Regulations: A double-edged sword
Regulations spring from legislation adopted by Parliament or provincial legislatures. Regulations are powerful legal tools that allow Governments to create limits upon, conditions for, and the framework of behaviour of citizens or businesses operating within their jurisdictions. Historically regulations were put in place to protect health and safety by making it illegal to sell adulterated food, to make misleading claims about product promotion, or to construct buildings that fall down, etc. Regulations have also been employed to create fairness, such as a level playing field for businesses where all must meet the same minimum standards.
However, regulations can be a double-edged sword. Regulations can protect citizens from abuses by unscrupulous businesses but they can also present barriers that prevent small businesses and individuals from succeeding due to the high cost of meeting requirements.
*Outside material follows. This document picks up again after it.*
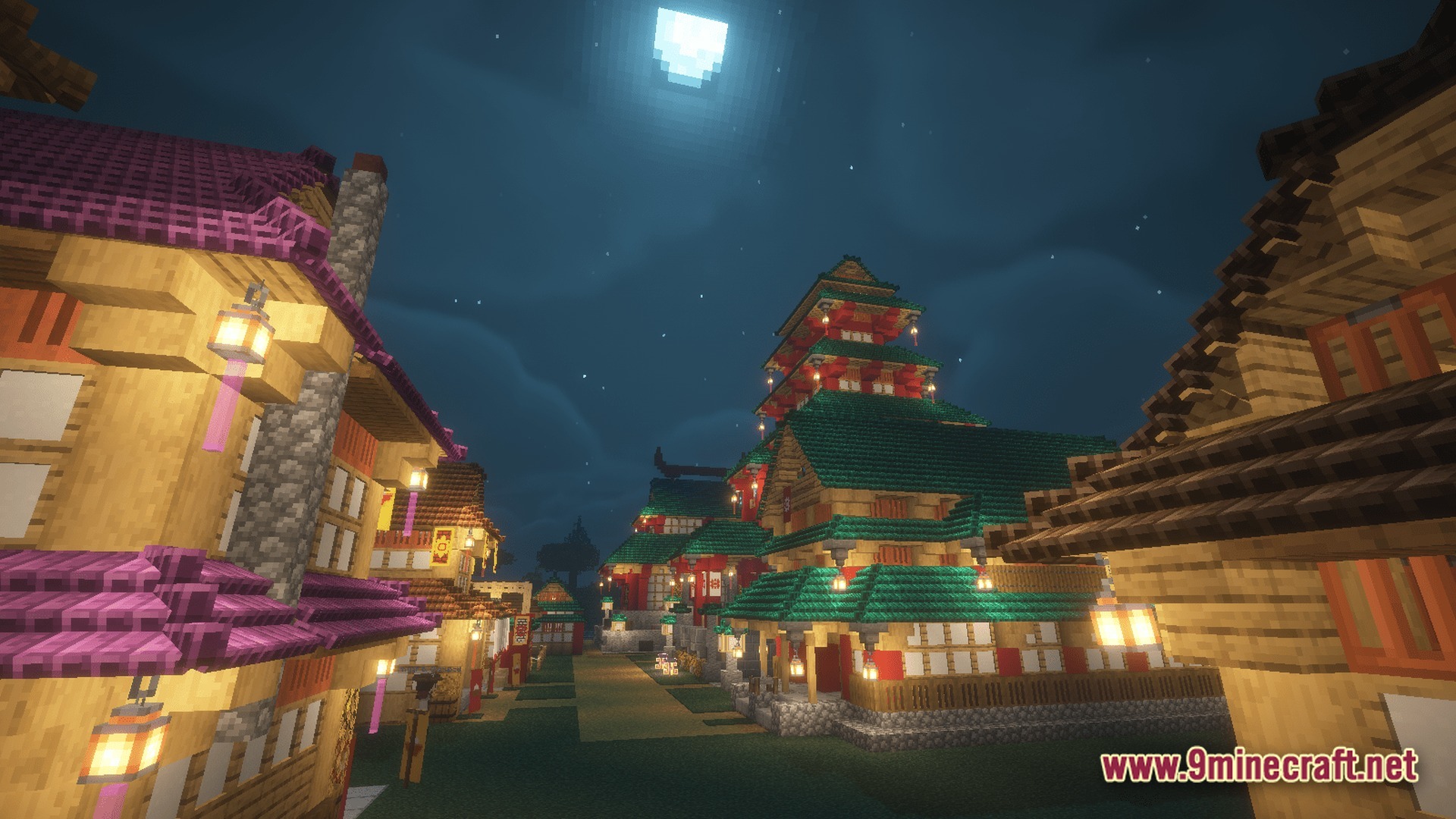 All The Mods 10 ATM10 Modpack Screenshot 9 A village of Japanese-style buildings with colorful tiered roofs under a night sky with a full moon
At Beyond Factory Farming we have found that the “devil is in the details”. A regulation may appear on the surface to protect human health, the environment, or animal welfare, but closer examination may reveal that it has the opposite effect. Several recent provincial regulatory initiatives have removed local authority to regulate the scale, practices, and location of factory farms in their jurisdiction.
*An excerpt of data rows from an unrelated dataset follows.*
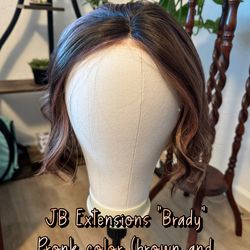 Brunette wig with pink highlights, and beach waves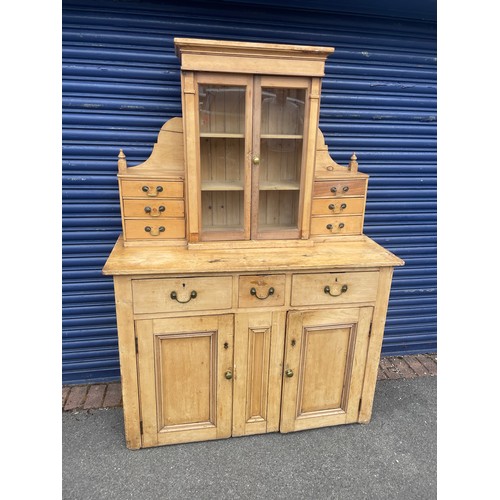 103 - Large Antique Pine Glazed Dresser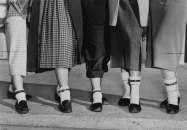 1953 teenage girls wearing dog collar anklets on socks  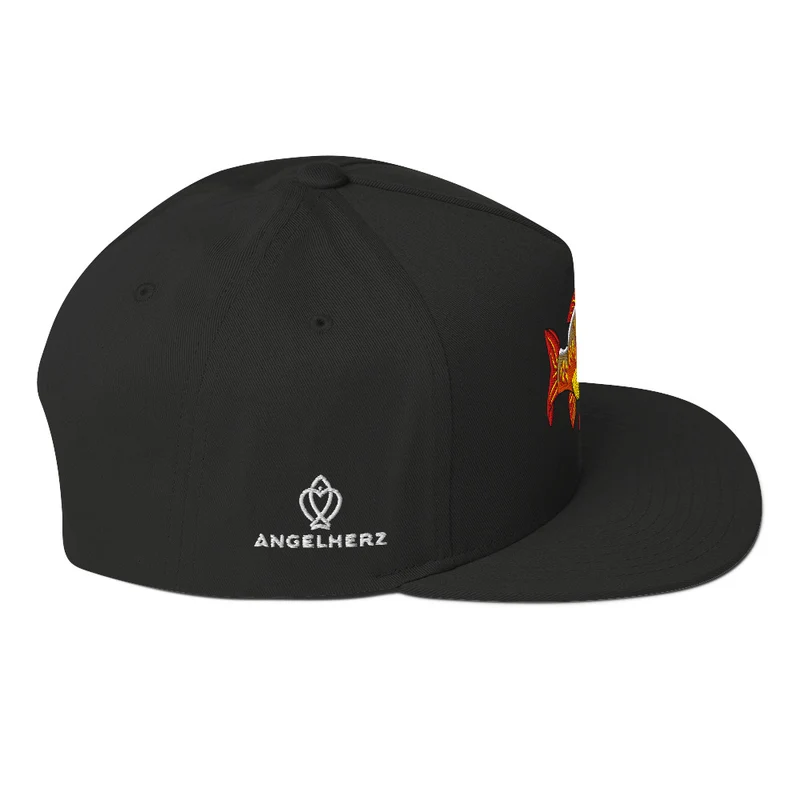 Flat Bill-Cap mit Karpfen Stickerei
The federal government recently adopted Smart Regulation, an overall regulatory policy that favours industry self-regulation, non-binding targets instead of enforceable standards, and adoption of an American-style regulatory regime in order to facilitate cross-border trade and promote economic growth. Agriculture, food safety, and food inspection regulations are priority areas for Smart Regulation.
In 2004 Bill C-27, the Canadian Food Inspection Agency Enforcement Act, page was introduced to Parliament. The bill provided the means for the Smart Regulation agenda to be put into action for food. This bill did not come to a vote owing to strong citizen opposition.
The Trade, Investment and Labour Mobility Agreement and the Security Prosperity Partnership (SPP) are other initiatives that promote de-regulation, industry self-regulation, and harmonization with American regulations.